» **The data**
+--
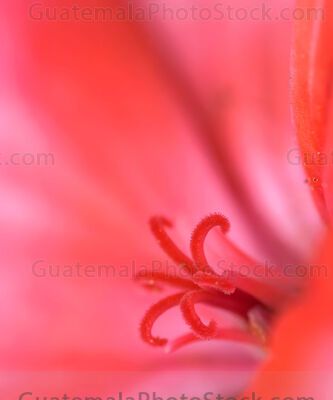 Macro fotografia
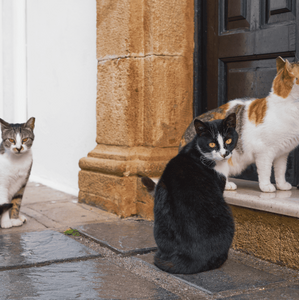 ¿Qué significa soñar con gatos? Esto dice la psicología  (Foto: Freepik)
+--
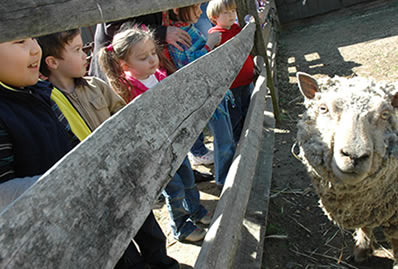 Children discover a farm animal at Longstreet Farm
+--
» **Directions**
I would like the exact lines from the data above, starting with the one that holds "Macro fotografia" and going on through the one that holds "significa soñar con", without the pictures.

» **Expected answer**
 Macro fotografia
 ¿Qué significa soñar con gatos? Esto dice la psicología  (Foto: Freepik)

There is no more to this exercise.